Le rejet de l’adoption d’une disposition contenue dans une proposition de directive du Parlement européen et du Conseil sur la lutte contre la violence à l’égard des femmes et la violence domestique a généré de vives réactions qu’il est inutile d’énumérer ici (Loi européenne sur le viol : pour les ONG, la France n’a pas été « à la hauteur », Zeina Kovacs, Mediapart). 

Le texte en question 

Pour autant, dans les nombreux articles publiés, aucune place n’a été donnée aux difficultés qui auraient été générées, dans notre droit interne, par un tel texte. D’ailleurs s’il a été dit et répété que celui-ci était axé sur la notion de "consentement", le texte contesté n’a fait l’objet que de très rares publications. Il s'agit de celui-ci (source) :

"Article 5 :

Viol

1. Les États membres veillent à ce que les comportements intentionnels suivants soient passibles de sanctions en tant qu’infractions pénales :

(a) le fait de se livrer avec une femme à tout acte non consenti de pénétration vaginale, anale ou orale à caractère sexuel avec toute partie du corps ou avec un objet ;

(b) le fait de contraindre une femme à se livrer avec une autre personne à tout acte non consenti de pénétration vaginale, anale ou orale à caractère sexuel avec toute partie du corps ou avec un objet.

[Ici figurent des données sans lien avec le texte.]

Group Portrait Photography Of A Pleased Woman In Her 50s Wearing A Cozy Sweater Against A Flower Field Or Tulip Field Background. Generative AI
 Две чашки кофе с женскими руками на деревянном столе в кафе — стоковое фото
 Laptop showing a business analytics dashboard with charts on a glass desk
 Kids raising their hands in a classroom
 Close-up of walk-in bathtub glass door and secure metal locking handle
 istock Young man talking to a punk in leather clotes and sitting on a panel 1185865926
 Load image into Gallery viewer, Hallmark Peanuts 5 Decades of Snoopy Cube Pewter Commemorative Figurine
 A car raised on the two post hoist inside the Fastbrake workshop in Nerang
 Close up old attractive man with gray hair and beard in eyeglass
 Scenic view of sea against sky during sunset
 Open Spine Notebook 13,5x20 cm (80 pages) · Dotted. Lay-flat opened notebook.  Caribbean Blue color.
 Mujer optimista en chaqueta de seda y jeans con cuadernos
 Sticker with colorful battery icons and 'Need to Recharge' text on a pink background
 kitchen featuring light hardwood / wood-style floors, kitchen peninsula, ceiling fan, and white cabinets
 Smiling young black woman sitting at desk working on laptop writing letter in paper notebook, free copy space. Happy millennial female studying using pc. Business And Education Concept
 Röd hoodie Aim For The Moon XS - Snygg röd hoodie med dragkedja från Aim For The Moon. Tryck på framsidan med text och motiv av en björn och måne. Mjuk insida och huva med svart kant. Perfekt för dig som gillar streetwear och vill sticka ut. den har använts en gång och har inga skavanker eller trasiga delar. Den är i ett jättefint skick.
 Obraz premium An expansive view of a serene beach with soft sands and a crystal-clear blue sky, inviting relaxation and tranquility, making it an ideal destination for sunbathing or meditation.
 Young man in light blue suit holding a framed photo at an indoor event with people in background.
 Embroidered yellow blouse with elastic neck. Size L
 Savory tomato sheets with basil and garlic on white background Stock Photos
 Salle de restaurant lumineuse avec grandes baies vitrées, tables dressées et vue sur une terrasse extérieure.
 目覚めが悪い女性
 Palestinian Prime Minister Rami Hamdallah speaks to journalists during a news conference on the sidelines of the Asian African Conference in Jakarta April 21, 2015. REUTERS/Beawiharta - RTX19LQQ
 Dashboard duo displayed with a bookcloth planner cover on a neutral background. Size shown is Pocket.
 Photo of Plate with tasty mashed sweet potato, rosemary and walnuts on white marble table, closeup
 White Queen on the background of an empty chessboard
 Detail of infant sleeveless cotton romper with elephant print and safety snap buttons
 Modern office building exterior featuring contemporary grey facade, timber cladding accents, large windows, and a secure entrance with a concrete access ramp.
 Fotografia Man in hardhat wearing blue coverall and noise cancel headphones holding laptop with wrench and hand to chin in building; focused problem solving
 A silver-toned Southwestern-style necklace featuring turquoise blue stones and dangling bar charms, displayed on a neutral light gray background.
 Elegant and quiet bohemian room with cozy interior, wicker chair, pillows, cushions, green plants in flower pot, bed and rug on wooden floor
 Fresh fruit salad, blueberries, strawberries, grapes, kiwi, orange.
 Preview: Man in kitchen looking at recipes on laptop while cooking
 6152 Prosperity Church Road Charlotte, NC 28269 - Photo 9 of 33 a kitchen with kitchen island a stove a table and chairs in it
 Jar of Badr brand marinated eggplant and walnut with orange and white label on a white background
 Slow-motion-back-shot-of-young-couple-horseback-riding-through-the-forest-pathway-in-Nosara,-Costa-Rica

2. Les États membres veillent à ce qu’on entende par acte non consenti un acte accompli sans que la femme ait donné son consentement volontairement ou dans une situation où la femme n’est pas en mesure de se forger une volonté libre en raison de son état physique ou mental, par exemple parce qu’elle est inconsciente, ivre, endormie, malade, blessée physiquement ou handicapée, et où cette incapacité à se forger une volonté libre est exploitée.

3. Le consentement peut être retiré à tout moment au cours de l’acte. L’absence de consentement ne peut être réfutée exclusivement par le silence de la femme, son absence de résistance verbale ou physique ou son comportement sexuel passé."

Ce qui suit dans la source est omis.